The answer is: age. I was not that teenager anymore. I had other responsibilities when I became more independent and moved away from home. Getting back to those teenage habits and routines that me and my family had before, well, it didn’t work at first. At least for me, it took time to get used to it again. So, how did I deal with it? Well, I needed to adapt myself. I needed to understand that this pandemic was not going away soon, and sadly, it hasn't.

I really wanted to learn how to deal with all these changes because they were starting to get to me emotionally and physically. Talking to friends and coworkers that were in the same situation helped. Knowing how people were dealing with the situation made me realize I needed a change. So, I started trying new things that I thought could work, and they did! These new things in time became habits, and I would love to share them with you, maybe they'll come in handy:

1. Make lists, about EVERYTHING, literally.

I listed everything that I needed or wanted to get done in a day, and when I say everything, I mean it. Even eating. This helped me a lot to not lose focus on my tasks. My house is a very loud place, with very loud people, so getting distracted was really easy for me, this helped me stay focused.

2. Get ready for work like usual. Put on a little make up, jeans, and even wear shoes inside the house.

I don't know about you, but I fell in love with yoga pants and sweatpants during this time. You can get used to doing the least amount of effort when all you need to do is hop on zoom calls. However, since I was always ready for bed, it was really easy to just go back to it. When I started getting ready as if I was going out to work, it really helped me become more focused on work and my tasks.

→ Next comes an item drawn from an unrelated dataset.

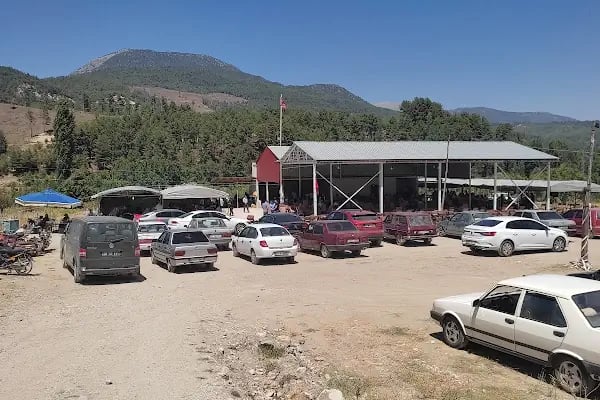 Alcı Köyü Düğün Mevlid Alanı - Resim 1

3. Exercise. Go for a walk, run, or do some yoga.

This helped me with stress. Getting outside the house for an hour or so to just walk, breathe fresh air, and feel a different environment really helped me relax and also kept my mind open for creativity. Sometimes exercise can be more relaxing than just watching Netflix on your bed.

4. Establish a comfortable work space.

Like I told you before, this was the hardest task to accomplish because of the lack of space. But once I actually established myself in the kitchen, for example, I really got the hang of it. What does this mean? You don’t need to buy expensive chairs or new desks (sometimes that won’t even be possible). Just make sure you’re not in pain all the time and that you have everything you need nearby. Make sure the people around you know that when you’re in that space you’re working.

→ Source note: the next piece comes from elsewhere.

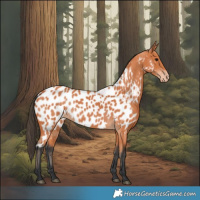 Horse Color:Bay Appaloosa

5. Don't stress over little things.

I am a really stressed and anxious person, so this whole situation really got to my nerves. My life changed, (well, everyone's life changed) in a matter of days. We all had to adapt to this new situation and still don't know for how long, but I think we're getting the hang of it. So, like everything in life, we just need to adapt to it. It'll be okay, and you get used to it with time. I think it’s also making us more proactive, and capable of dealing with many different situations, so it's not all that bad, huh?

In conclusion: after all this, I realized that you just need to make the best out of every situation. Use as many resources as you need to be better and... yes, ADAPT yourself. And you know what? I am really thankful, in a way, for all of this. I've been learning about so many things I didn't have time before, like writing, practicing lettering (which is new to me), finding new skills, getting back to old hobbies (like photography). So I am making the best out of my little end of the world. Hopefully my tips can help you adapt yourself too to whatever is changing around you too.